Generic Lucene Index Removal generic-lucene-index-removal

Adobe intends to remove the “generic Lucene” index (/oak:index/lucene-*) from Adobe Experience Manager as a Cloud Service. This index has been deprecated since AEM 6.5. In this document the impact of this decision is described, along with detailed descriptions how to examine if an AEM instance is affected. It also contains ways to change queries so they continue to function without the generic Lucene index.

Background background

In AEM, full text queries are those using the following functions:

  • jcr:contains() in JCR XPATH
  • CONTAINS in JCR-SQL2

Such queries cannot return results without using an index.
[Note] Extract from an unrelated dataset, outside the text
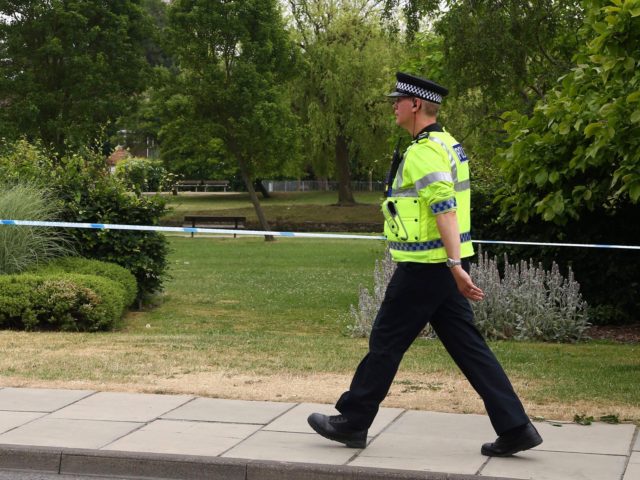 A police officer patrols at a cordon outside Queen Elizabeth Gardens in Salisbury, southern England, on July 4, 2018 believed to be cordoned off in relation to a major incident declared after two people were found unconcious at a residence in nearby Amesbury. - Two people have been hospitalised in …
Unlike a query containing only path or property restrictions, a query containing a full text restriction for which no index can be found (and thus a traversal is performed) will always return zero results.
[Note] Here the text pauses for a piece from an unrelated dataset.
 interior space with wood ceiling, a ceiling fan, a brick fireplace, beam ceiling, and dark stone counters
The generic Lucene index (/oak:index/lucene-*) has existed since AEM 6.0 / Oak 1.0 to provide a full text search across most of the repository hierarchy, although some paths, such as /jcr:system and /var have always been excluded from this. However this index has largely been superseded by indexes on more specific node types (for example, damAssetLucene-* for the dam:Asset node type), which support both full text and property searches.

In AEM 6.5 the generic Lucene index was marked as deprecated, indicating that it would be removed in future versions. Since then, a WARN has been logged when the index has been used as illustrated by the following log snippet:

org.apache.jackrabbit.oak.plugins.index.lucene.LucenePropertyIndex This index is deprecated: /oak:index/lucene-2; it is used for query Filter(query=select [jcr:path], [jcr:score], * from [nt:base] as a where contains(*, 'search term') and isdescendantnode(a, '/content/mysite') /* xpath: /jcr:root/content/mysite//*[jcr:contains(.,"search term")] */ fullText="search" "term", path=/content/mysite//*). Change the query or the index definitions.

In recent AEM versions, the generic Lucene index has been used to support a very small number of features. These are being reworked to use other indexes or otherwise modified to remove the dependency on this index.

For example, reference lookup queries, such as in the following example, should now use the index at /oak:index/pathreference, which indexes only String property values which match a regular expression that looks for JCR paths.

//*[jcr:contains(., '"/content/dam/mysite"')]

To support larger customer data volumes, Adobe no longer creates the generic Lucene index on new AEM as a Cloud Service environments. Also, Adobe removes the index from existing repositories. See the timeline at the end of this document for more details.

Adobe has already adjusted the index costings via the costPerEntry and costPerExecution properties to ensure that other indexes such as /oak:index/pathreference are used in preference wherever possible.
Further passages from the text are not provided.